Machine Learning – Is Automated Machine Learning Truly Feasible?

algorithmsautomatic-algorithmsboostingmachine learningstacking

As I discover machine learning I see different interesting techniques such as:

  • automatically tune algorithms with techniques such as grid search,
  • get more accurate results through the combination of different algorithms of the same "type", that's boosting,
  • get more accurate results through the combination of different algorithms (but not the same type of algorithms), that's stacking,
  • and probably lots more I still have to discover…

My question is the following: there are all those pieces.
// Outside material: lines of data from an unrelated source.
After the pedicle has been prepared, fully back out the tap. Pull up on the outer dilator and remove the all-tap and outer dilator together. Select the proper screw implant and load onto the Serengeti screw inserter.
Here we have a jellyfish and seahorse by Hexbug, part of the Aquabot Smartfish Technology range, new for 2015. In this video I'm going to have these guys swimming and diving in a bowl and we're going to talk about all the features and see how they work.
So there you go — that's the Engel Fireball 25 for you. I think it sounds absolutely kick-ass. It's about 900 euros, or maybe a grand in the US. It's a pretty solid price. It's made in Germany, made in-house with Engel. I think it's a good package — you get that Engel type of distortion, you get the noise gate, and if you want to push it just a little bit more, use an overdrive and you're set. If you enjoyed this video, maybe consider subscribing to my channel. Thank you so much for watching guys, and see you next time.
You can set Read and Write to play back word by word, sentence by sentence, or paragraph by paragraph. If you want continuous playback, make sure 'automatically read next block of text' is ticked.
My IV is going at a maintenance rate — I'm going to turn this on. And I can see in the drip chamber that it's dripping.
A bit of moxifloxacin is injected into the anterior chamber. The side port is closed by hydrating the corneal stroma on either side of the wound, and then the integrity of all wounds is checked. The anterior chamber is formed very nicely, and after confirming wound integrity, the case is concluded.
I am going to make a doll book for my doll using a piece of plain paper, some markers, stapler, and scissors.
But is it possible to put them together to make an algorithm that takes as input cleaned data and outputs good results by taking the best out of all techniques? (Of course it will probably be less efficient that a professional data scientist, but he will be better than me!) If yes, do you have sample codes or do you know frameworks that can do that?

EDIT : After some answers, it seems some narrowing has to be done.
Let's take an example, we have one column with categorical data, let's call it y and we want to predict it from numerical data X that is either dummies or real numerical data (height, temperature). We assume cleaning has been done previously. Are there existing algorithm that can take such data and output a prediction? (by testing multiple algorithms, tuning them, boosting, etc.) If yes, is it computationally efficient (are the calculations done in a reasonable time if we compare to normal algorithm), and do you have an example of code?

Best Answer

If you know beforehand what kind of data you will feed in ("these are monthly sales of CPGs, with prices and promotion markers, and I want a point forecast"), so you can tune your setup ahead of time, that will likely be possible and already done, see various "expert systems" for certain specific tasks.
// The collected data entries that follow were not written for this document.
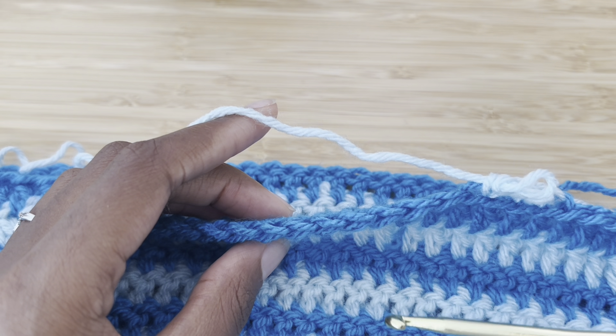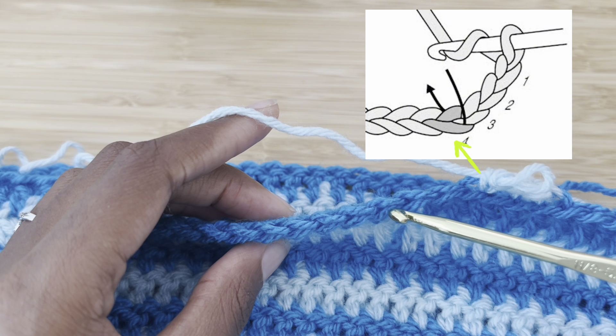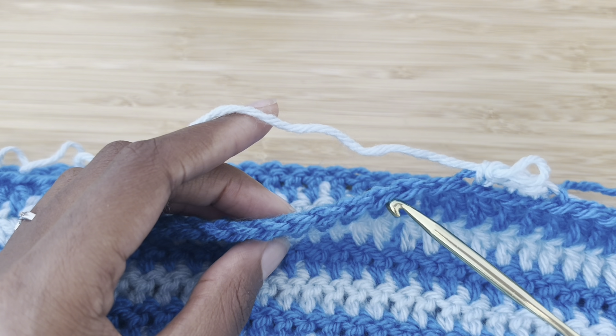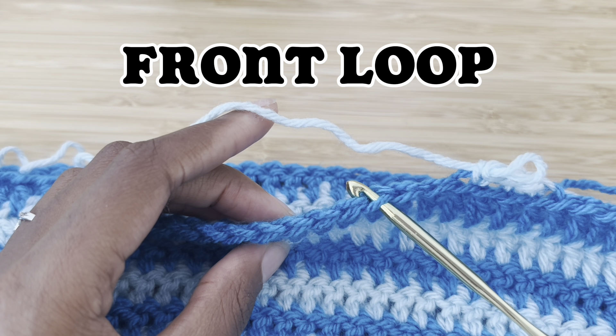When you look at the top of a crochet stitch, you'll see this little V. There's a line in the front and there's a line in the back. The line in the front is called the front loop. That's how you put your hook under it.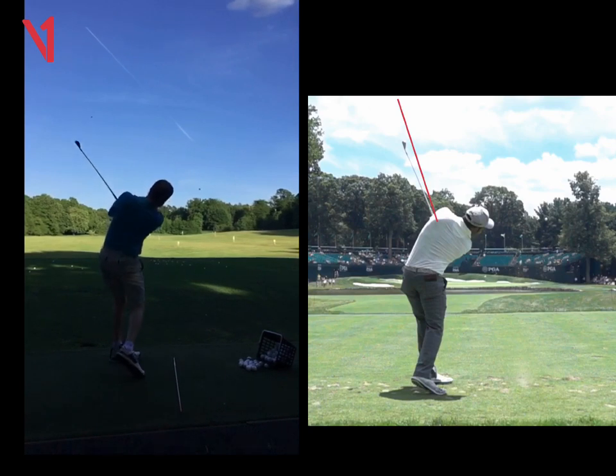Seven iron, driver, chipping, pitching — everything. That club head must not overtake your hands throughout the shot. Thank you.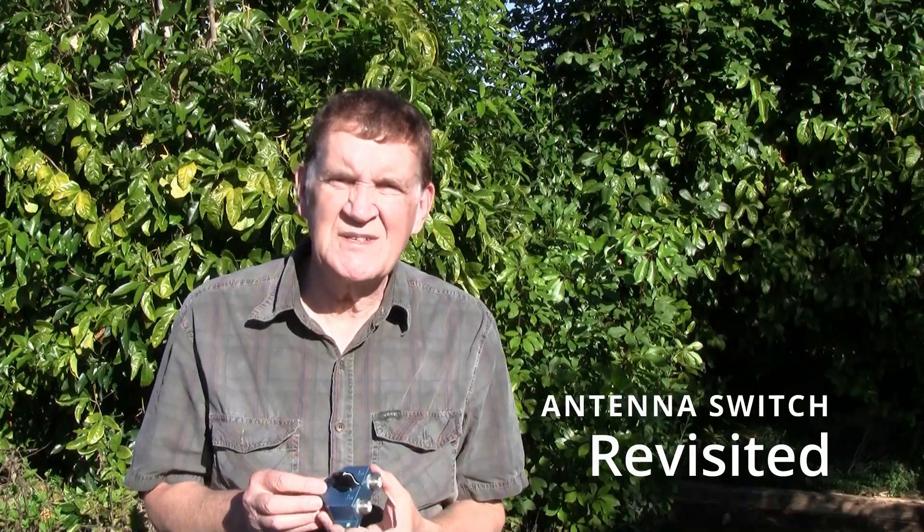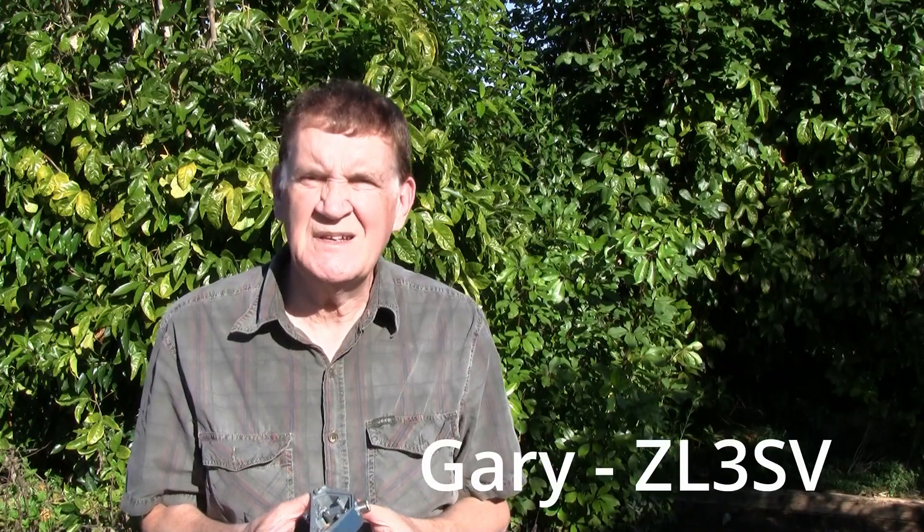Now many of you may have one of these in your shack. They are pretty common - an antenna changeover switch. This one has been running two rigs onto one antenna feed. Now one of the problems is that sometimes these switches can create a bit of noise on receive. It's sort of like a frying noise, and signals don't quite come through very well - it's going up and down, breaking up.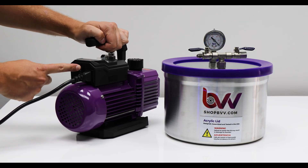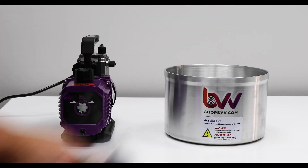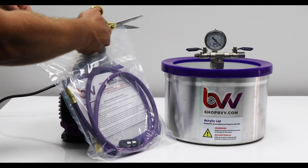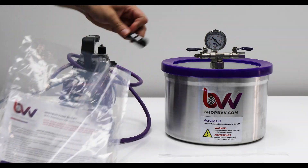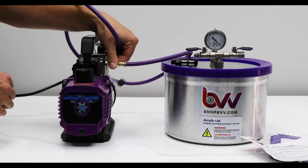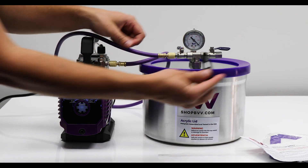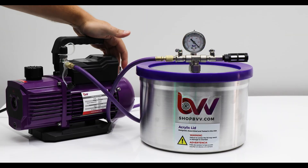Plug in your vacuum pump and give it a quick test. Take everything out of your chamber. You're going to get everything included here: a hose, a filter, paperwork, and a silicone pad. Attach the vacuum hose to the vacuum pump and to the vacuum chamber. Both of these will be quarter inch JIC connections. Put your filter on the end of the vacuum chamber.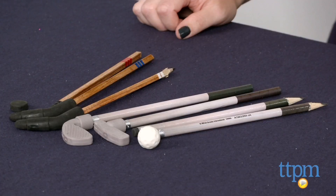Hi, I'm Laurie from TTPM and these are pencil sets that are also games! I've got Scribble Stuff Eraser Games Miniature Golf and Scribble Stuff Table Games Hockey from The Right Dudes and Mega Brands.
If you are looking for something that can take any kind of data and do "something useful" with it ("ah, here I am supposed to recognize handwriting and output ZIP codes, and there I should do fraud detection, and this input file obviously is a credit scoring task"), no, I don't think that will happen in a long time.

Sorry for an opinion-based answer to what might well be closed as an opinion-based question.
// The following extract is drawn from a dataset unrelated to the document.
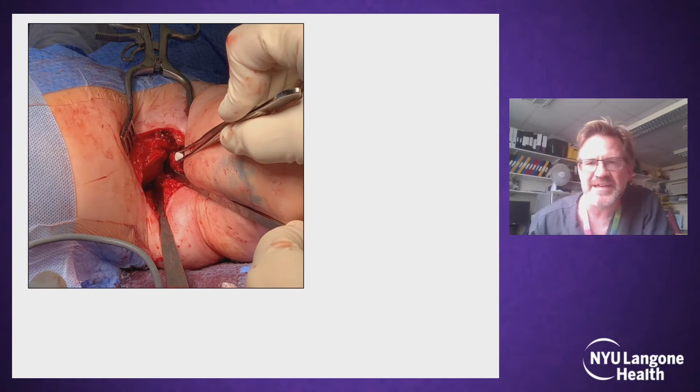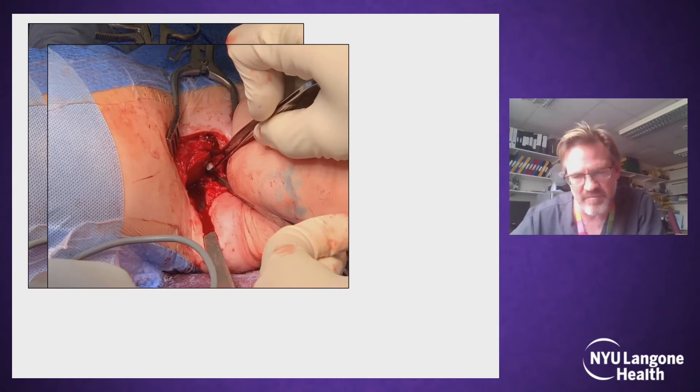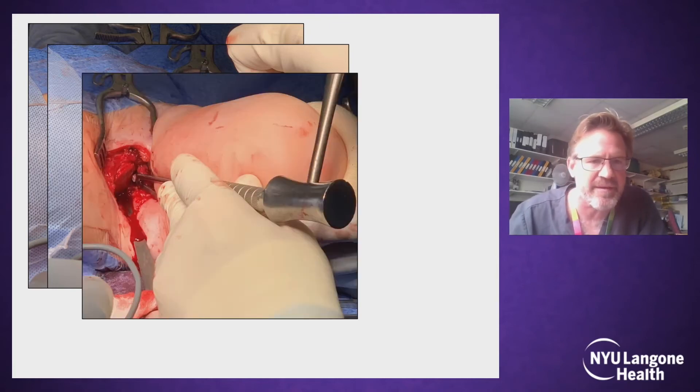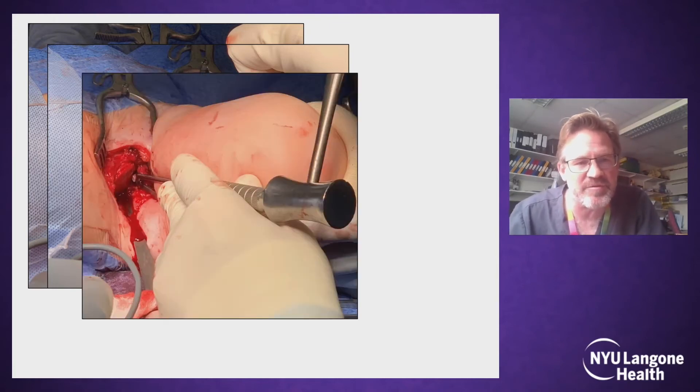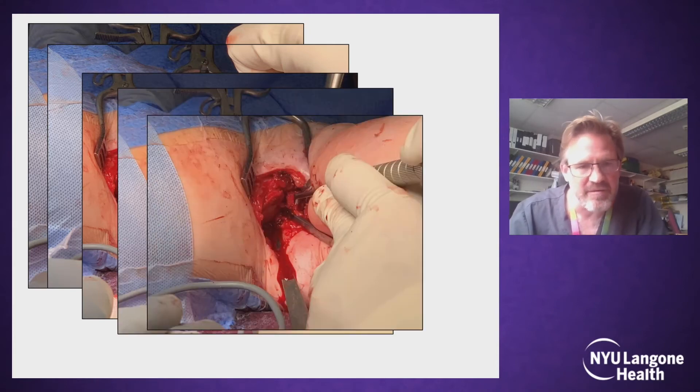I will then take out the anterior osteotome and the little calcium sulfate pellet — which measures three millimetres in height — and place that into the opened wedge, by holding the wedge open with the posterior osteotome still there. And then this is just tapped into place, and it's very stable — tap, tap, tap, in it goes. Then remove the posterior osteotome.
EDIT to address the edited question:

we have one column with categorical data, let's call it $y$ and we want to predict it from numerical data $X$ that is either dummies or real numerical data

This sounds like something that Random Forests are actually pretty good at. Then again, a "general-purpose" algorithm like RFs will likely never beat an algorithm that was tuned to a particular type of $y$ known beforehand, e.g., handwritten digits, or credit default risks.